IN THE HIGH COURT OF UGANDA AT KAMPALA

(COMMERCIAL DIVISION)


HCT-00-CC-CA-0041-2015

(ARISING FROM MENGO CIVIL SUIT NO. 1071 OF 2014)


  1. HECTARAGE PARTNERSHIP

  2. PAUL ROSSI BAGYA :::::::::::: APPELLANTS

VERSUS

KESIIME POLLY :::::::::::: RESPONDENT


BEFORE: HON. JUSTICE DAVID WANGUTUSI


JUDGMENT


This is an appeal against the decision of the Magistrate Grade One seated at Chief Magistrate’s Court Mengo delivered on the 25th November, 2015 in Civil Suit 1071 of 2014.

It is filed by Hectarage Partnership and Paul Rossi Bagya as the Appellants against Kesiima Polly as the Respondent.


It is grounded on the following;

  1. That the Learned Trial Magistrate erred both in law and in fact when she held that the closure of the Plaintiff’s shop was unlawful.

  2. That the Trial Magistrate erred both in law and in fact when she awarded special damages to the Respondent that were not proved.

  3. That the Learned Magistrate erred both in law and in fact when she allowed the Respondent’s prayer for loss of income without justification.

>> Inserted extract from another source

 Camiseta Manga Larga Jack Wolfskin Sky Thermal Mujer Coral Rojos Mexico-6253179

  4. That the Learned Trial Magistrate erred in law and in fact when she dismissed the Appellants’ counter-claim without justification.

  5. That the Learned Trial Magistrate erred in law and in fact in her evaluation and appreciation of the evidence on record in respect to the issues and disputes and thereby arrived at a wrong decision and conclusion.

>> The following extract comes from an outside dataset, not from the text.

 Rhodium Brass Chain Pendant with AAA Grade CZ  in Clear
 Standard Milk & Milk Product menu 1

The Appellants thus sought the Orders;

  1. That the Judgment and Orders of the Learned Trial Magistrate be set aside and the Appeal be allowed.

  2. That the Respondent pays the costs of the Appeal and those of the Trial Court.

  3. That all the Appellants’ prayers in the original suit and counter claim be allowed.


The background to this appeal can be discerned from the pleadings before the Magistrates court.


It is agreed by both parties that the Appellants owned property with shop space which the Respondent rented.


The terms of the tenancy were reduced into writing in tenancy agreement Exhibit P.1 dated 5th October 2012.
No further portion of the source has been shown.